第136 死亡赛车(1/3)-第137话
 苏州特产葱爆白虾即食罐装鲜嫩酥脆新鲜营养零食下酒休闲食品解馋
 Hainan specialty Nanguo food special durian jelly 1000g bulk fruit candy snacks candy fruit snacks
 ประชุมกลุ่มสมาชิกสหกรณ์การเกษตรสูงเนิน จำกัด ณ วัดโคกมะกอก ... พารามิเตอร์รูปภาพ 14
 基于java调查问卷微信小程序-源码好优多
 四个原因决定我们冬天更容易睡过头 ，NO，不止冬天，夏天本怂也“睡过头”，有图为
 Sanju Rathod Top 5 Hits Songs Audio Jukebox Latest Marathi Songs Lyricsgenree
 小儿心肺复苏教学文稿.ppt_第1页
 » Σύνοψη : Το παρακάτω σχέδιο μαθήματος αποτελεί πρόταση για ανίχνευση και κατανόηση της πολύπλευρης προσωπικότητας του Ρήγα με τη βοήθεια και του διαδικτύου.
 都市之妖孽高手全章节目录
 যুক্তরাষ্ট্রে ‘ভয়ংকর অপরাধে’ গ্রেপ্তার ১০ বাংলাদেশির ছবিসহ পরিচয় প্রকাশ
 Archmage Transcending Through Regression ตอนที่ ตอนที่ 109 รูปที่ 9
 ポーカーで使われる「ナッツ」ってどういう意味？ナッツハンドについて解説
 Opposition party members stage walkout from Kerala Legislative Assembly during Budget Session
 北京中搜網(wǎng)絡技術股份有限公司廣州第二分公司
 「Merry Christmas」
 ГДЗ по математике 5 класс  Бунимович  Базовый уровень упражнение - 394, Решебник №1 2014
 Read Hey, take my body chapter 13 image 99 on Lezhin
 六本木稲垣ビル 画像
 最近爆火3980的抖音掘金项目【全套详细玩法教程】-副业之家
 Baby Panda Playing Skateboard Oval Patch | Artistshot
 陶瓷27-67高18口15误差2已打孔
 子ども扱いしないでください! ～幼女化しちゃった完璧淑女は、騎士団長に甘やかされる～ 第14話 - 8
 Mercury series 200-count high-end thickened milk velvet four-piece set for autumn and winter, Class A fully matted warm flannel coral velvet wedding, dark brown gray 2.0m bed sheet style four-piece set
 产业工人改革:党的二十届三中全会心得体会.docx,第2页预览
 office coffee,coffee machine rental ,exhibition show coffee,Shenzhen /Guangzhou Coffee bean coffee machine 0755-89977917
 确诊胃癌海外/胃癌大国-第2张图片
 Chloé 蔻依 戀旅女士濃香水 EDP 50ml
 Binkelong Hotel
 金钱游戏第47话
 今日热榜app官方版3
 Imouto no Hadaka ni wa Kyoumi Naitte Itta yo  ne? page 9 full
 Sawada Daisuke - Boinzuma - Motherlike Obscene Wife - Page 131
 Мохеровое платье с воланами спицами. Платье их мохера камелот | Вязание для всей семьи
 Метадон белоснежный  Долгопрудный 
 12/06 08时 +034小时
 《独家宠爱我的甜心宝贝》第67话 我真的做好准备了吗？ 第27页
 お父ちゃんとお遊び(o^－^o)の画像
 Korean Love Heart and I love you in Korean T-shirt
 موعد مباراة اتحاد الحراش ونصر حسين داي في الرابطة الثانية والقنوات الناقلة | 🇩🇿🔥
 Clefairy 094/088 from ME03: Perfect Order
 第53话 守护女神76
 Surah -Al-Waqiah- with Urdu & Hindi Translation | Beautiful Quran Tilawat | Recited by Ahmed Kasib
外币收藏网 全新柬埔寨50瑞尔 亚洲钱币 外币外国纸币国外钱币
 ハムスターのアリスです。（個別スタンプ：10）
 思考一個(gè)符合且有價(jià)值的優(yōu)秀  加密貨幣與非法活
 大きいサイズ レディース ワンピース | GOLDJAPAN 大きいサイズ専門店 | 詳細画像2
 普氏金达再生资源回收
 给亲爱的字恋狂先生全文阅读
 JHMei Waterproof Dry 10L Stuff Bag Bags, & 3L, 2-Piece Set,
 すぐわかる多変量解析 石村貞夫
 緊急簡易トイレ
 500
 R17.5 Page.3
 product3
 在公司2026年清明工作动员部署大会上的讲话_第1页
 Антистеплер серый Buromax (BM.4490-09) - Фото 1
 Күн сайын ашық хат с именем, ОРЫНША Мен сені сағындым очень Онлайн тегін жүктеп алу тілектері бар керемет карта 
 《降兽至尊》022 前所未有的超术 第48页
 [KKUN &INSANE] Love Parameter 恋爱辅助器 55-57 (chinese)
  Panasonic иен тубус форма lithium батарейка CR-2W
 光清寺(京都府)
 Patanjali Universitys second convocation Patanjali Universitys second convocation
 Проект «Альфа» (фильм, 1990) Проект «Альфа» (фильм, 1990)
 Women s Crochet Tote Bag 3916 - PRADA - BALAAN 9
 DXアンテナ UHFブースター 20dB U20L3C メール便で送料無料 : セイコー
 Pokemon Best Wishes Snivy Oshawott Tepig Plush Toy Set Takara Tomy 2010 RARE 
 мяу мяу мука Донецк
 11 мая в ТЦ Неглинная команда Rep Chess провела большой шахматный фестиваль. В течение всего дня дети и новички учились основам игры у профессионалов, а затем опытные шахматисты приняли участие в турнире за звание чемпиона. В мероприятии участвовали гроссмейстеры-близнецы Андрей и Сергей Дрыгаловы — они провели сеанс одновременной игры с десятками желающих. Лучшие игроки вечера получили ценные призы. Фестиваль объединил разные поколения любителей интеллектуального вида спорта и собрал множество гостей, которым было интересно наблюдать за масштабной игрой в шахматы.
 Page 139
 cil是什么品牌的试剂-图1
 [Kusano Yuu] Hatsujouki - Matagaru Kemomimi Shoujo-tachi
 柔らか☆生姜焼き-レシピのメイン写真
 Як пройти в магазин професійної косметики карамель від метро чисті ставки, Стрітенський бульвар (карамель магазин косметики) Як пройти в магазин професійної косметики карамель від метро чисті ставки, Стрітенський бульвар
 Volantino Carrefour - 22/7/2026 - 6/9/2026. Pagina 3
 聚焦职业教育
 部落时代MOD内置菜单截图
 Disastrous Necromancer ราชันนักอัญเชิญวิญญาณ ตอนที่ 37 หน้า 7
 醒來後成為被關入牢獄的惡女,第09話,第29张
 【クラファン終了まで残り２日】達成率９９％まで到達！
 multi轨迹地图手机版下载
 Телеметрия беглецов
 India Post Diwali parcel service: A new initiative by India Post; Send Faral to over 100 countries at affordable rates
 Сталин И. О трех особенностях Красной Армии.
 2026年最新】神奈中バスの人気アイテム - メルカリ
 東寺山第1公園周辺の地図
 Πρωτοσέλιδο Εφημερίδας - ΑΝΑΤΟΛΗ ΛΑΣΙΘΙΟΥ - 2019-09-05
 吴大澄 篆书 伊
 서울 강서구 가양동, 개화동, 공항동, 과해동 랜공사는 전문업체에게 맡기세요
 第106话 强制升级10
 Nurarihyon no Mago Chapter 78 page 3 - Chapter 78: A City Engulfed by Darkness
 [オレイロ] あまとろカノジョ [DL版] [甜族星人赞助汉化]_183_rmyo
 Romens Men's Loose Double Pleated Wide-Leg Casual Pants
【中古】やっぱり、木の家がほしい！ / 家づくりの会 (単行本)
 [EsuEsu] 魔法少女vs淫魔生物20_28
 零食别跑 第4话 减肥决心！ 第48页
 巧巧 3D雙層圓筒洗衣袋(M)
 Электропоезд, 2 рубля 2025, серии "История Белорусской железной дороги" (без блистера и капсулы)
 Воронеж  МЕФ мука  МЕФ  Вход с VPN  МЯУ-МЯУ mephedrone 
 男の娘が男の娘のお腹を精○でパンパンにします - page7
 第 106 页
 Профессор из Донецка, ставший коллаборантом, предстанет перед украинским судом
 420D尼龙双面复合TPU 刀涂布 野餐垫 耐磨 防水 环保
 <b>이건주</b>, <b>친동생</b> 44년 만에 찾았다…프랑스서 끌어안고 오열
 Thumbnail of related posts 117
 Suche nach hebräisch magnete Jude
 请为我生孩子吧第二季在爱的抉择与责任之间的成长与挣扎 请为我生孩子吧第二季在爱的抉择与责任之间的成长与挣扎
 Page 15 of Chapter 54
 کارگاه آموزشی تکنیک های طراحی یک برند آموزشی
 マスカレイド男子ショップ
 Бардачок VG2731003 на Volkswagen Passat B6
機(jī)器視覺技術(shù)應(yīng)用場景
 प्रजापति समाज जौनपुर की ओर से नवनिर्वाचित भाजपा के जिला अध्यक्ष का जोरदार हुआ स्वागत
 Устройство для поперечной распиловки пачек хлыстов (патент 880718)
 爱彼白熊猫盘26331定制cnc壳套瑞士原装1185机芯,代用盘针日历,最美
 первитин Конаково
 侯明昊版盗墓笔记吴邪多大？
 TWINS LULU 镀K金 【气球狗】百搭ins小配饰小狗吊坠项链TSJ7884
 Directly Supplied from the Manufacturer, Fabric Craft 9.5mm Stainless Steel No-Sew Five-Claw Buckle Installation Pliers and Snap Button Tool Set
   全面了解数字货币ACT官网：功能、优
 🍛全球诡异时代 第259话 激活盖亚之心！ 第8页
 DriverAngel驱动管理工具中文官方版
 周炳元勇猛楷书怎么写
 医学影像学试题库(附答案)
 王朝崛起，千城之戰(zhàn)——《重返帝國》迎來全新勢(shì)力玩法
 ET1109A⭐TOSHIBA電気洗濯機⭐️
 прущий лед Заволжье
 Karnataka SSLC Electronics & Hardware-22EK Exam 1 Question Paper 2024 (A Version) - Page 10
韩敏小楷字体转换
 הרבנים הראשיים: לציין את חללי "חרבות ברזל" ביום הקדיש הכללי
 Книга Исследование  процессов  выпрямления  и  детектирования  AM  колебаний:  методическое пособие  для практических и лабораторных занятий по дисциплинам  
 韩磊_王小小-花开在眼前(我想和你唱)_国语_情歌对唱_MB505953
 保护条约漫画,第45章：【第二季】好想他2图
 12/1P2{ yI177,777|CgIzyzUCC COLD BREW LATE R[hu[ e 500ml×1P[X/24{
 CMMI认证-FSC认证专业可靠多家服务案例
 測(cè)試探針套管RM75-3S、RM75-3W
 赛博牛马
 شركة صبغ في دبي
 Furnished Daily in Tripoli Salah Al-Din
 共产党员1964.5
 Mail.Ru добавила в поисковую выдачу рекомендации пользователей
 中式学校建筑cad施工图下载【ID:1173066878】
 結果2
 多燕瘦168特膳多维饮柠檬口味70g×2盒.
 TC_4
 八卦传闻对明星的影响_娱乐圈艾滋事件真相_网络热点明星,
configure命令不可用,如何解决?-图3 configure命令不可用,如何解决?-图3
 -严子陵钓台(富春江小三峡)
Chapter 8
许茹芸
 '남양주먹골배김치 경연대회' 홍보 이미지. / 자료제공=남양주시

* * * * * * *

[Exercise description] Repeat, word for word, every line from the line that contains "הרבנים הראשיים: לציין" to the end of the entries; include both of those lines and no others.

[Exercise solution]
 הרבנים הראשיים: לציין את חללי "חרבות ברזל" ביום הקדיש הכללי
 Книга Исследование  процессов  выпрямления  и  детектирования  AM  колебаний:  методическое пособие  для практических и лабораторных занятий по дисциплинам  
 韩磊_王小小-花开在眼前(我想和你唱)_国语_情歌对唱_MB505953
 保护条约漫画,第45章：【第二季】好想他2图
 12/1P2{ yI177,777|CgIzyzUCC COLD BREW LATE R[hu[ e 500ml×1P[X/24{
 CMMI认证-FSC认证专业可靠多家服务案例
 測(cè)試探針套管RM75-3S、RM75-3W
 赛博牛马
 شركة صبغ في دبي
 Furnished Daily in Tripoli Salah Al-Din
 共产党员1964.5
 Mail.Ru добавила в поисковую выдачу рекомендации пользователей
 中式学校建筑cad施工图下载【ID:1173066878】
 結果2
 多燕瘦168特膳多维饮柠檬口味70g×2盒.
 TC_4
 八卦传闻对明星的影响_娱乐圈艾滋事件真相_网络热点明星,
configure命令不可用,如何解决?-图3 configure命令不可用,如何解决?-图3
 -严子陵钓台(富春江小三峡)
Chapter 8
许茹芸
 '남양주먹골배김치 경연대회' 홍보 이미지. / 자료제공=남양주시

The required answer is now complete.